*** Given information Section Begins ***

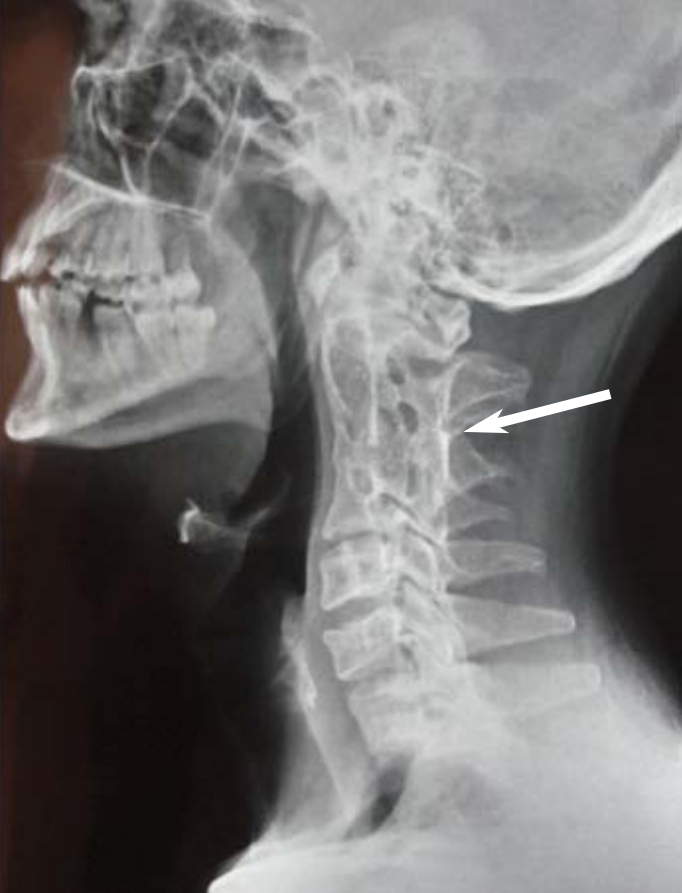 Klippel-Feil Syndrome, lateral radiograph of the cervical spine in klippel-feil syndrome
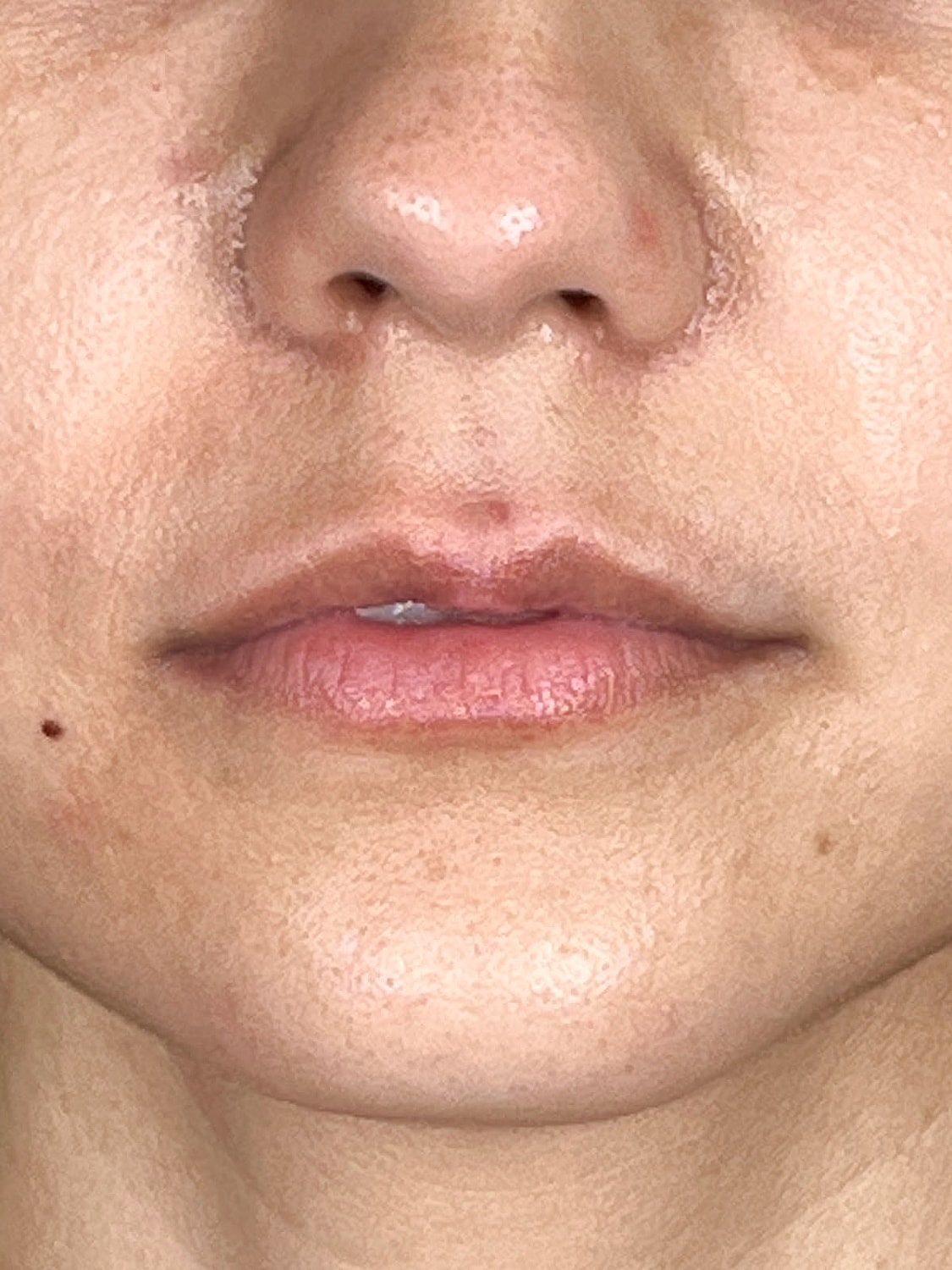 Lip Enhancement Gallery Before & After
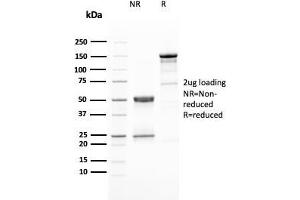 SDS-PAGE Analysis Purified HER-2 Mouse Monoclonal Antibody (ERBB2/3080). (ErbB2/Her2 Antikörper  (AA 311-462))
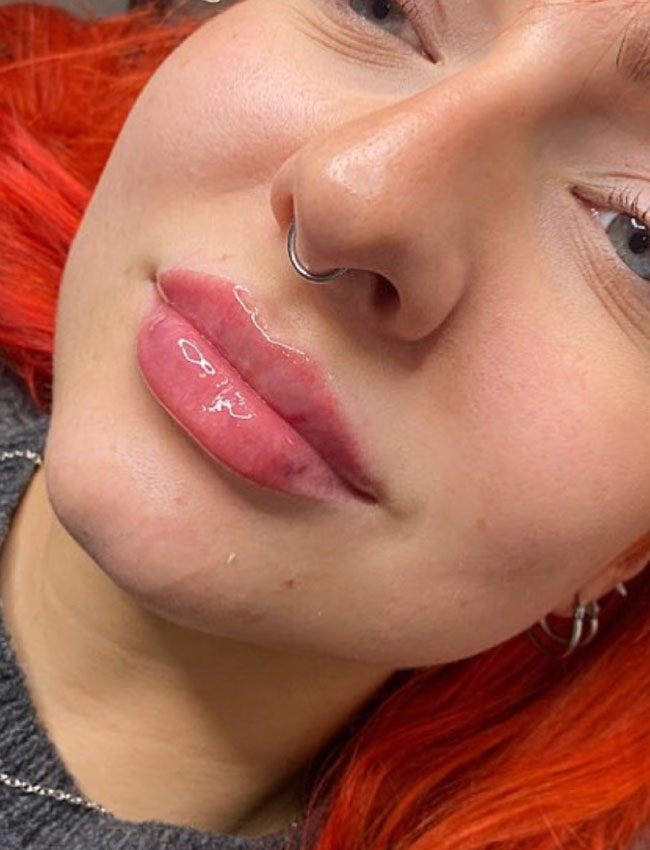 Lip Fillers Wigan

*** Given information Section Ends ***

### Assigned task:
Reproduce the whole listing above word for word, but not its pictures.

### Solution below:
 Klippel-Feil Syndrome, lateral radiograph of the cervical spine in klippel-feil syndrome
 Lip Enhancement Gallery Before & After
 SDS-PAGE Analysis Purified HER-2 Mouse Monoclonal Antibody (ERBB2/3080). (ErbB2/Her2 Antikörper  (AA 311-462))
 Lip Fillers Wigan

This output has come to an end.